Problem description
Begin your copy at the line with "this 600×600 image." in the records below and end it at the line with "this 474×266 image.", restating each line word for word; omit the pictures.

Data shown
════════════════════

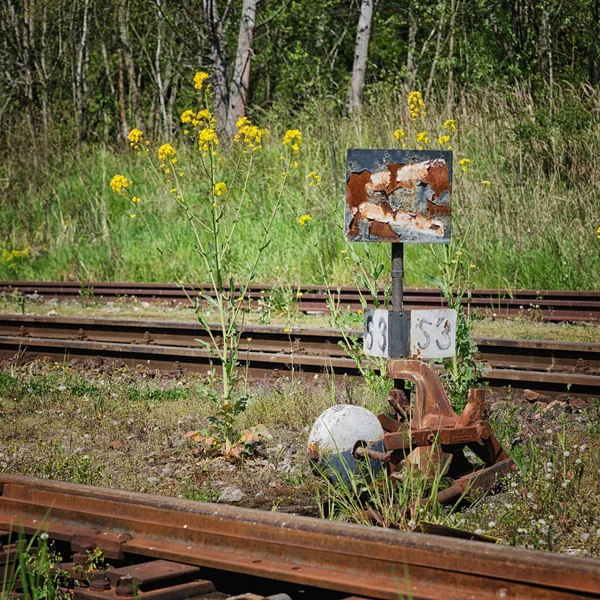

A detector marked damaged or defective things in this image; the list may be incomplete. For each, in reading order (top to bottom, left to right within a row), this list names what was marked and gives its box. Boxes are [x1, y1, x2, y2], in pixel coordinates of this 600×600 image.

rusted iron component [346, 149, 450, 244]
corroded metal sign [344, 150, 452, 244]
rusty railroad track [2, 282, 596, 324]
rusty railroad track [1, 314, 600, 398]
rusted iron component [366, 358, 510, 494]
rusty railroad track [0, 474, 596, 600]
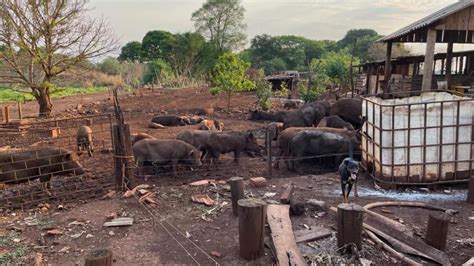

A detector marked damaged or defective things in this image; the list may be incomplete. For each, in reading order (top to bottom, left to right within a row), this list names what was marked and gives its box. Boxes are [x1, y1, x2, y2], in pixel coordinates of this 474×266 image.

════════════════════

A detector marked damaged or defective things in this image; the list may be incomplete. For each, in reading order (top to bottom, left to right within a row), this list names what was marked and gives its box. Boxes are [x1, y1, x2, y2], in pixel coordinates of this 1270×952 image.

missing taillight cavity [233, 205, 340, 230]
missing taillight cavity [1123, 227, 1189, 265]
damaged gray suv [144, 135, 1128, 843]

════════════════════

Task solution
A detector marked damaged or defective things in this image; the list may be incomplete. For each, in reading order (top to bottom, left to right within a row), this list names what was marked and gives its box. Boxes are [x1, y1, x2, y2], in pixel coordinates of this 600×600 image.

rusted iron component [346, 149, 450, 244]
corroded metal sign [344, 150, 452, 244]
rusty railroad track [2, 282, 596, 324]
rusty railroad track [1, 314, 600, 398]
rusted iron component [366, 358, 510, 494]
rusty railroad track [0, 474, 596, 600]

A detector marked damaged or defective things in this image; the list may be incomplete. For each, in reading order (top to bottom, left to right within a row), this list names what was marked and gives its box. Boxes are [x1, y1, x2, y2], in pixel coordinates of this 474×266 image.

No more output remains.